|
|
| Intro, Specifications and Related Info | |||||||
It seems like Intel started talking about the Penryn core as soon as the Conroe core launched in the form of the first Core 2 Duo and Core 2 Extreme processors. Penryn was to be the next evolution in Intel’s Core microarchitecture and would be the foundation of a new class of mobile, desktop, and server processor built using the company’s advanced 45nm manufacturing process. Penryn wouldn’t be a straight die-shrink of Conroe, however. With Penryn, Intel planned to introduce new SSE4 instructions, increase the amount of L2 cache per core, reduce power consumption, and generally enhance overall performance, clock for clock. All things that sound good to a PC enthusiast. After many months of trickling out information regarding Penryn and Intel’s 45nm manufacturing process, we’re finally able to offer you some firsthand information regarding Yorkfield, Intel’s quad-core, desktop Penryn derivative. We recently got our hands on a new Core 2 Extreme QX9650 processor and were able to run it through a host of benchmarks and overclock it as well. Read on to see how the QX9650 performed and whether or not Intel’s 45nm manufacturing process is all the company has claimed it is cracked up to be...

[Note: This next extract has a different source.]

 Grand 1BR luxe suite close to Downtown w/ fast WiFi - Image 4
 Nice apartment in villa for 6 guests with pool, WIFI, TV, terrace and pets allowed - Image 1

We've published a number of articles relating to Intel's Core microarchitecture, Core 2 Duo and Extreme family of processors, Penryn, and Intel's 45nm manufacturing process in the past here at HotHardware.com. For more detail or a refresher on the technologies employed by the new Core 2 Extreme QX9650 and Intel's platform as a whole, we suggest taking a look at the following related articles. These articles contain detailed explanations of some of the features common to Intel's legacy products, compatible chipsets, and the processes used to build these new processors:
At the very least, we suggest you read our Intel 45nm fab process preview and the Intel Penryn and Nehalem details articles to get familiar with the new technologies employed in the Yorkfield core which is at the heart of the new QX9650 and Intel's advanced 45nm manufacturing process. Those two articles in particular will lay the foundation for what we're going to show you on the pages ahead. |
| 45nm, Cache, SSE4, Tick-Tock Cadence |
As we've already mentioned, Penryn is not just a simple die shrink of Conroe. Yorkfield, the code name of the quad-core desktop variant of the Penryn core, is different from Kentsfield in a number of ways... 45nm Manufacturing Process: A major issue that becomes more significant as manufacturing processes get smaller is current leakage. Leakage occurs through multiple parts of a semiconductor, but one of the most problematic situations occurs when unwanted current flows through the gate dielectric in a transistor. Ideally, the gate dielectric would act as a perfect insulator. But because it is made ever thinner as manufacturing processes advance and die geometries continue to shrink, current leaks through the gate dielectric. In Intel's 65nm process, it is only 5 atomic layers thick. This leads to undesirable results and the transistor consumes more power than it should. With their 45nm process, however, Intel has been able to develop and successfully implement a high-k (capacitance) and metal gate transistor that significantly reduce leakage current. According to Intel, the combination of manufacturing processors using their 45nm process, in conjunction with the high-k and metal gate transistor breakthrough will offer a number of key benefits:
The Core 2 Extreme QX9650 is built using Intel's 45nm process. The CPU is comprised of two dual-core dies on a single package, similar to Kentsfield. Each die on the QX9650 is comprised of approximately 410M transistors and is about 107mm squared. If you're keeping count, that means Yorkfield is comprised of 820M transistors and is about 214mm squared.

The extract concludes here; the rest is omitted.